The Punjab crisis dominated Indian politics between 1980 and 1984. In 1981, the Akali Dal submitted a memorandum to Prime Minister Indira Gandhi ‘of forty-five religious, political, economic and social demands and grievances, including the issue of sharing Punjab’s river waters between Punjab, Haryana and Rajasthan and the quest for the transfer of Chandigarh to Punjab, and launched a virulent campaign around them’.

Very soon, the issue of the implementation of the Anandpur Sahib Resolution was raised-specifically, that certain areas from the adjoining states (Una tehsil and Dalhousie from Chamba district in Himachal Pradesh; Pinjore and Kalka from Panchkula district, Sahabad block from Karnal district and the city of Ambala From Ambala district in Haryana and the union territory of Chandigarh) be merged with Punjab. The Akalis held that these areas were deliberately not included in Punjab at the time of the creation of the state, although historically and culturally they were part of it.

Though the 1973 Anandpur Sahib Resolution had called for a high degree of autonomy for Punjab, the Akali Dal was not satisfied with that proposal. In April 1981, one of its leaders, Jathedar Jagdev Singh Talwandi, called for an autonomous state to be set up in North India forthwith, wherein Sikh interests would be recognized as of primary and special importance.
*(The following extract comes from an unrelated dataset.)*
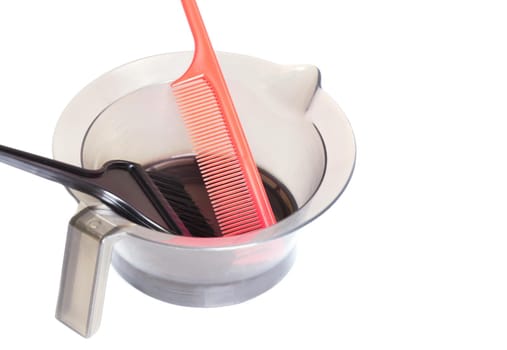 Salon mixing bowl, application brush and sectioning comb for hair dye or colored highlights. Isolated on white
This proposed state of Khalistan would have its own Constitution and not be governed by the Indian Constitution. In November 1982, the foremost Akali leader, Sant Harcharan Singh Longowal, in a new elucidation of the Anandpur Sahib Resolution, said that a Sikh religious state with all Punjabi-speaking people within it should be created to preserve Sikh tradition and religion. In Punjab, Amrik Singh, Jarnail Singh Bhindranwale and several others started advocating the use of violence for a break-up of the Indian union and the creation of an independent Khalistan. Raising the slogan ‘Raj Karega Khalsa’, they claimed that an independent Khalistan was a historical necessity for the Sikh youth. Clearly, the Akali Dal was constantly changing goalposts and was not clear about whether it wanted autonomy within the Indian union or an independent state.